FIG. 2 illustrates system 200 for determining, in real-time, near real-time, or periodically, the condition of one or more components of machine 101. The system 200 includes a controller 109 for monitoring or managing wear of the machine 101. In one instance, controller 109 may be communicably coupled to the sensors 111. The controller 109 may include any appropriate hardware, software, firmware, etc. to carry out the methods described in this disclosure, including the method of FIG. 5. The controller 109 may include one or more processors, memory, a secondary storage device, communication systems, and/or other appropriate hardware.

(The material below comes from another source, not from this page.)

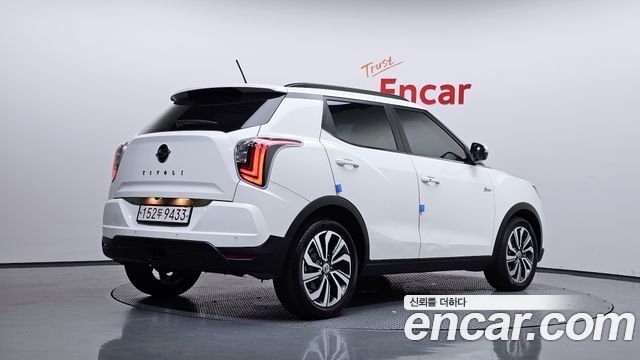 KG Mobility (SsangYong) Very New Tivoli Gasoline 1.5 2WD V5 2021 — фото 2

The processors may be, for example, a single or multi-core processor, a digital signal processor, a microcontroller, a general purpose central processing unit (CPU), a field programmable gate array (FPGA), a graphics processing unit (GPU), and/or other conventional processor or processing/controlling circuit or controller. The processors may embody microprocessors, for example, a single microprocessor or multiple microprocessors.

The memory or secondary storage device associated with controller 109 may be non-transitory computer-readable media that store data and/or software routines that may assist controller 109 in performing its functions. In these aspects, the memory or secondary storage device may include, for example, read-only memory, random access memory, flash or other removable memory, or any other appropriate and conventional memory. Further, the memory or secondary storage device associated with controller 109 may also store data received from the various sensors 111.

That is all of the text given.